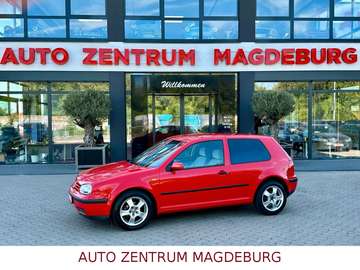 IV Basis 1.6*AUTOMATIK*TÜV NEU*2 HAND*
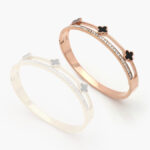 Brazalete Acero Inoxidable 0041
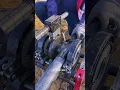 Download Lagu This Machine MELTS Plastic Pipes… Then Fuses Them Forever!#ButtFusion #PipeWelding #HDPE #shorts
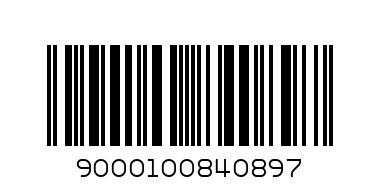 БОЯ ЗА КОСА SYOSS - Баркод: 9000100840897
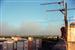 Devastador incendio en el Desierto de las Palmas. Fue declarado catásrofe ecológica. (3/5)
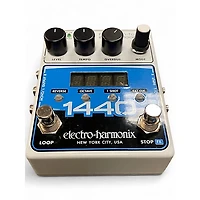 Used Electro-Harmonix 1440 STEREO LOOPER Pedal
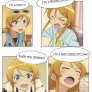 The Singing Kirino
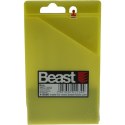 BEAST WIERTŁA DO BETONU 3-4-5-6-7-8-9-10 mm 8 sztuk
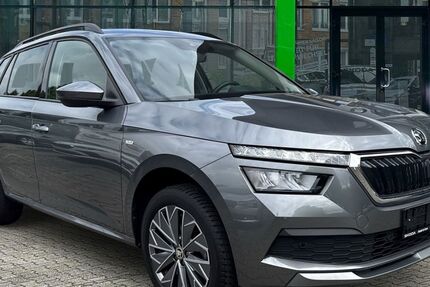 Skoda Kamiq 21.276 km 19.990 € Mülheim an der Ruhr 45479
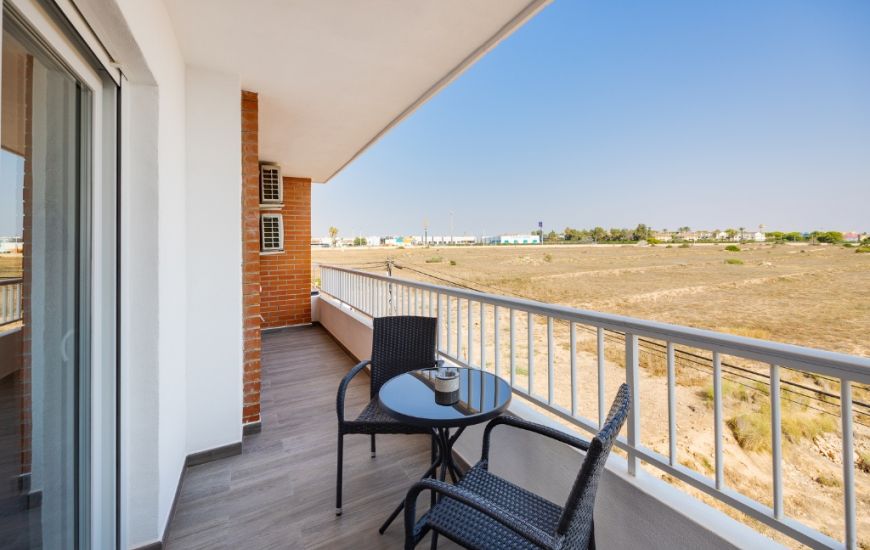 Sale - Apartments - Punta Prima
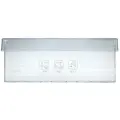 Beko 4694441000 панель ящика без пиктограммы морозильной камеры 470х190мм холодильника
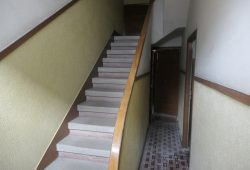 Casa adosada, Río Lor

- [Exercise]:
Reproduce the lines from the one holding "The Singing Kirino" through the end of the entries above exactly, keeping both ends and dropping every picture.

- [Solved exercise]:
 The Singing Kirino
 BEAST WIERTŁA DO BETONU 3-4-5-6-7-8-9-10 mm 8 sztuk
 Skoda Kamiq 21.276 km 19.990 € Mülheim an der Ruhr 45479
 Sale - Apartments - Punta Prima
 Beko 4694441000 панель ящика без пиктограммы морозильной камеры 470х190мм холодильника
 Casa adosada, Río Lor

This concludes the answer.